▸ What to produce: Every line from the one containing "68240457aa Mopar Power Seat Wiring Harness" to the end of the data below should be copied exactly, but pictures should not.

▸ Extracted information:

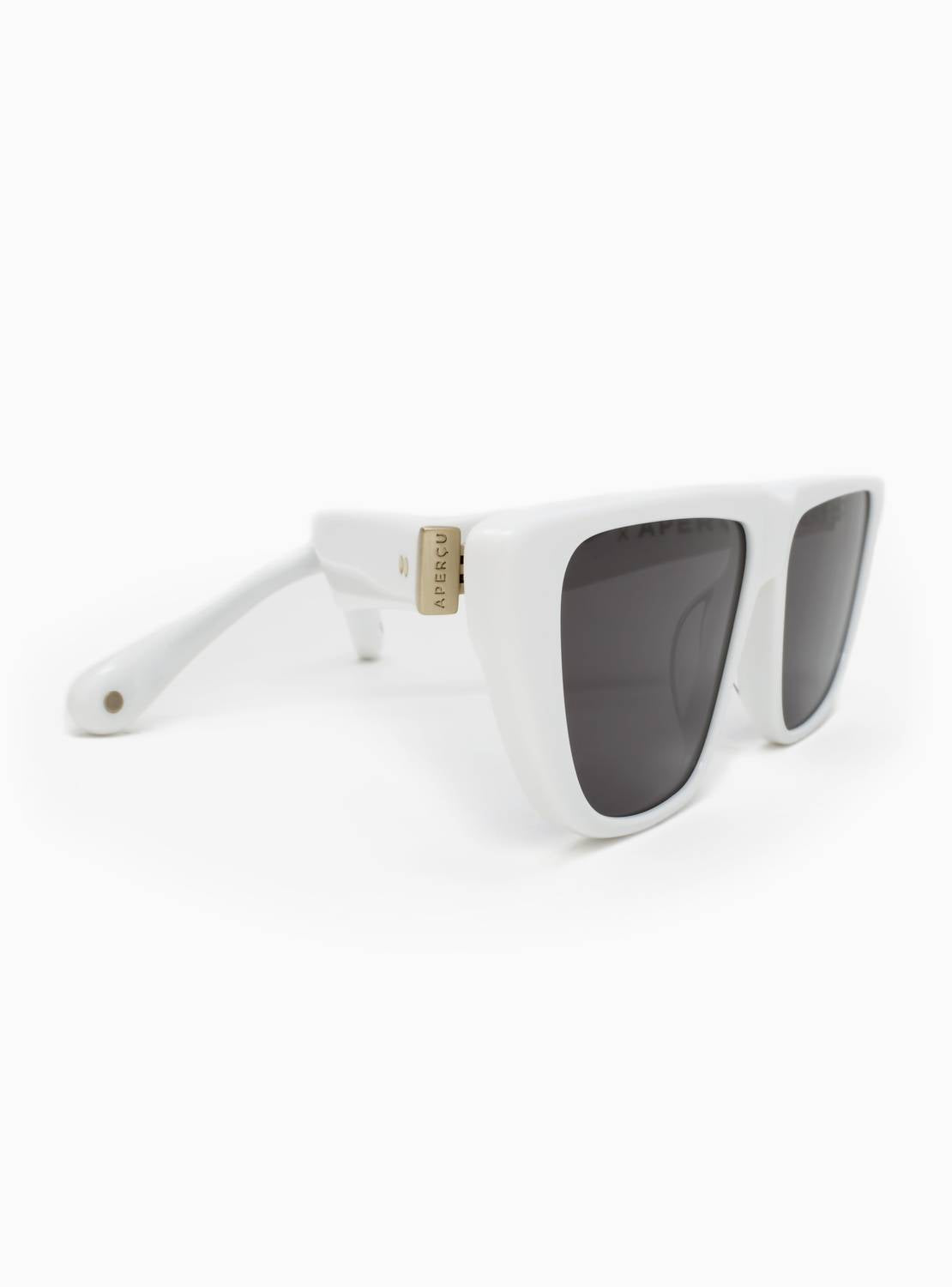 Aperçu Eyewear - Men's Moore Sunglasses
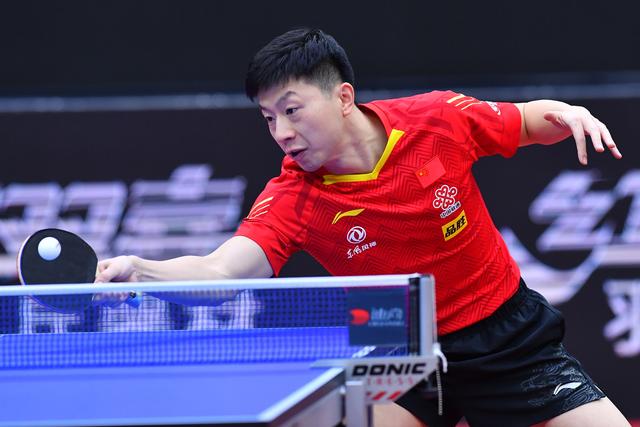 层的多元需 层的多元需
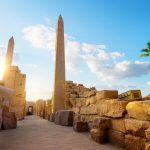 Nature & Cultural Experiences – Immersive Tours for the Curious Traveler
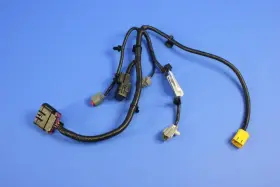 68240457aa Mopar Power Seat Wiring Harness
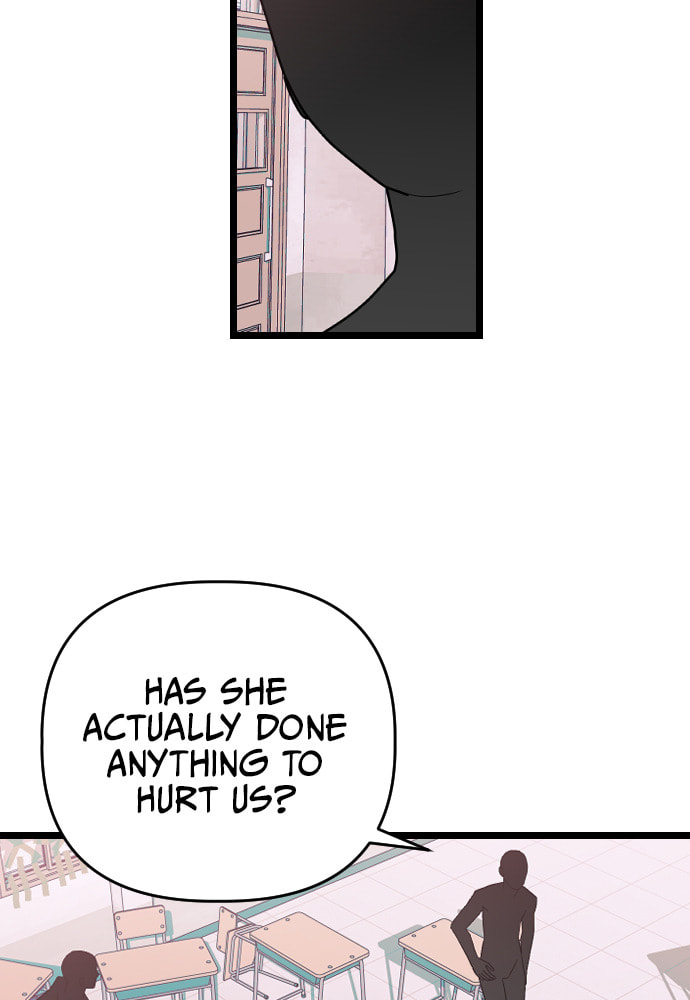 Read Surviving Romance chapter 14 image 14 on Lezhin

▸ Solution to the exercise:
 68240457aa Mopar Power Seat Wiring Harness
 Read Surviving Romance chapter 14 image 14 on Lezhin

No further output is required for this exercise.